• INSTRUCTIONS FOR THE TASK: Although pictures appear in the entries below, leave them out and print exactly the lines from the first line through the line containing "John Lewis Newlyn".

• Caption-style text data:

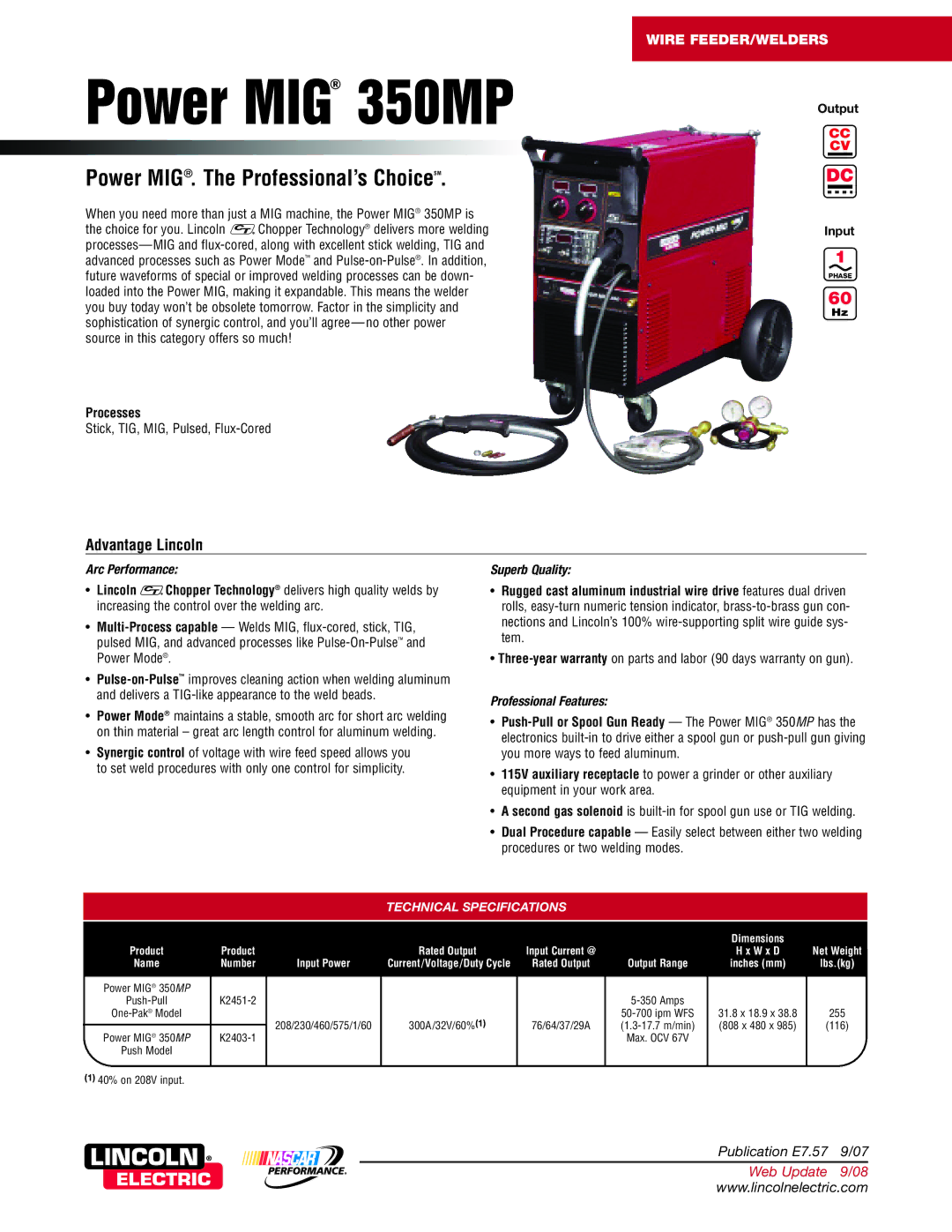 Lincoln Electric 350MP warranty Output Input, Technical Specifications 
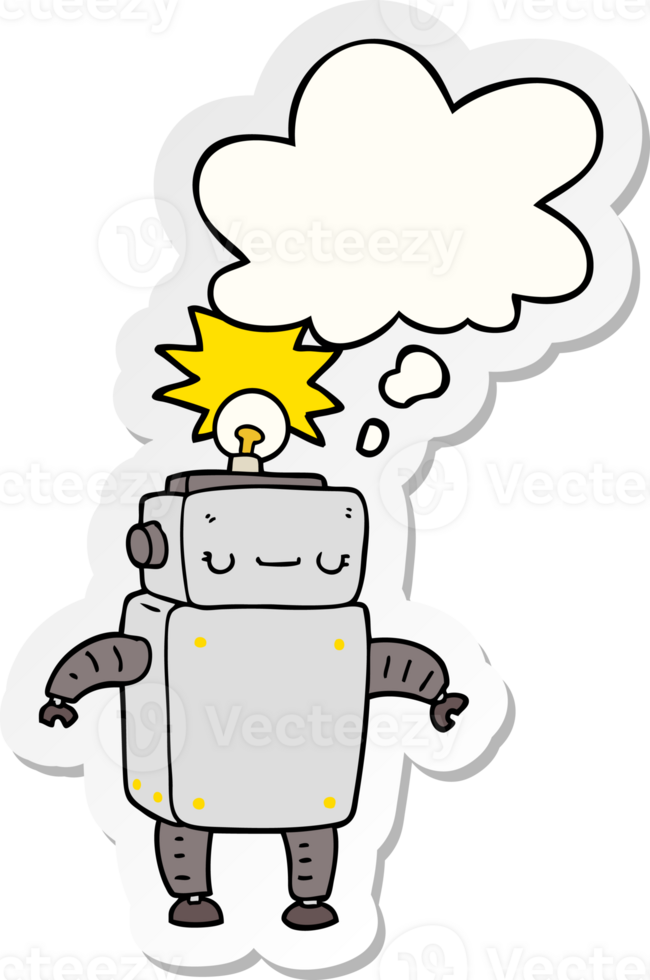 cartoon robot with thought bubble as a printed sticker png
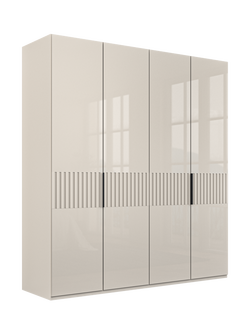 John Lewis Newlyn 2m Hinged Wardrobe with 4 Glass Doors, Champagne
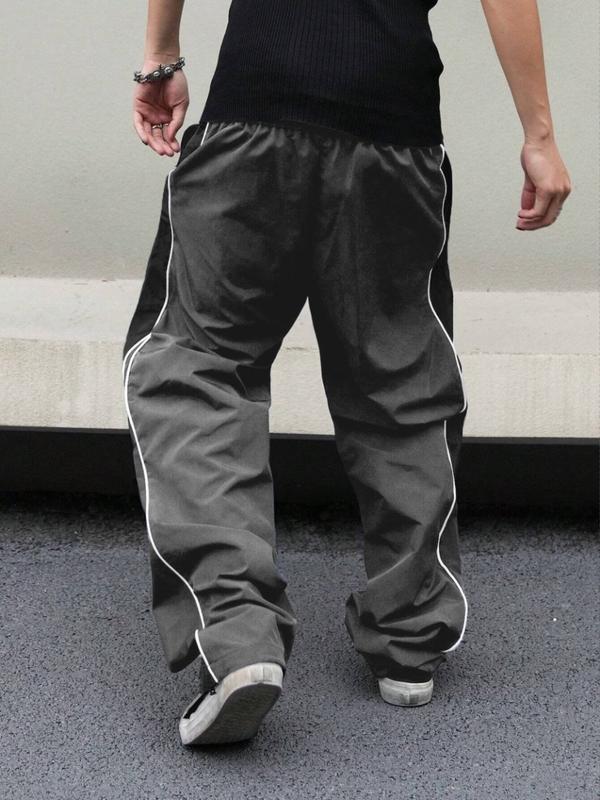 Men's Black Colorblock Sweatpants with White Side Stripes & Embroidered Design for Gym Wear, Loose Athletic Long Pants, Sporty Elegance, Drawstring Waist, Straight Leg Cut, Trendy Street Fashion Joggers Sports Menswear Embroidery Embroidery Tracksuit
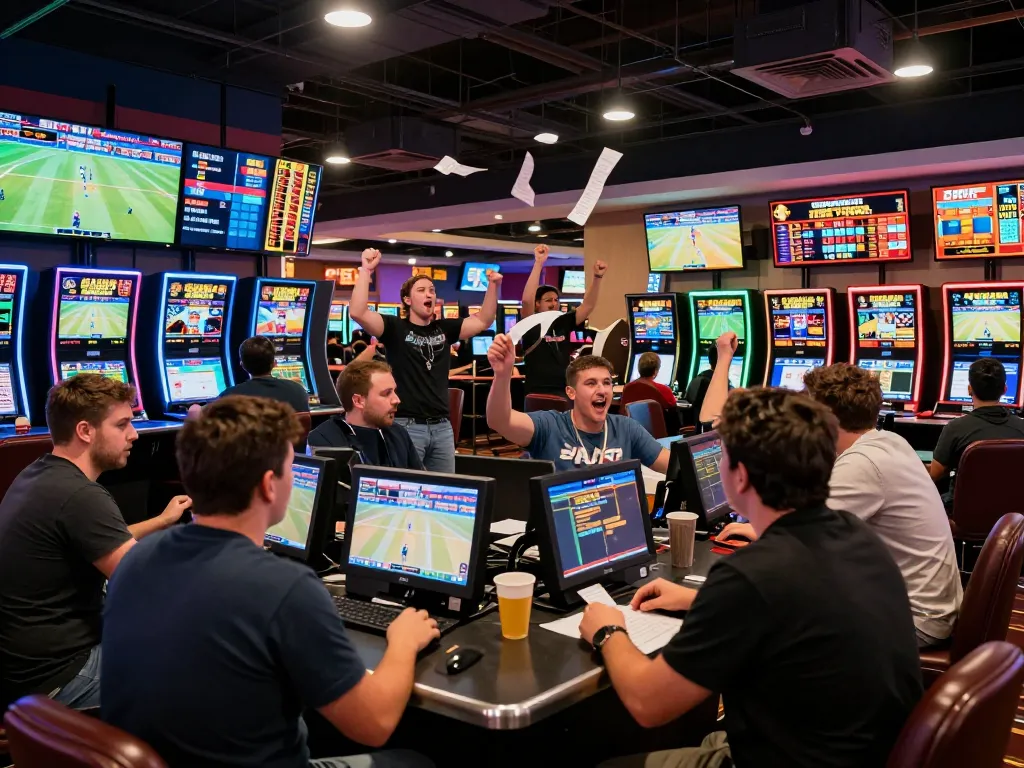 Fans placing bets and cheering for teams at a dynamic sports betting area in a casino, highlighting eu enthusiasm and excitement.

• RESPONSE AREA:
 Lincoln Electric 350MP warranty Output Input, Technical Specifications 
 cartoon robot with thought bubble as a printed sticker png
 John Lewis Newlyn 2m Hinged Wardrobe with 4 Glass Doors, Champagne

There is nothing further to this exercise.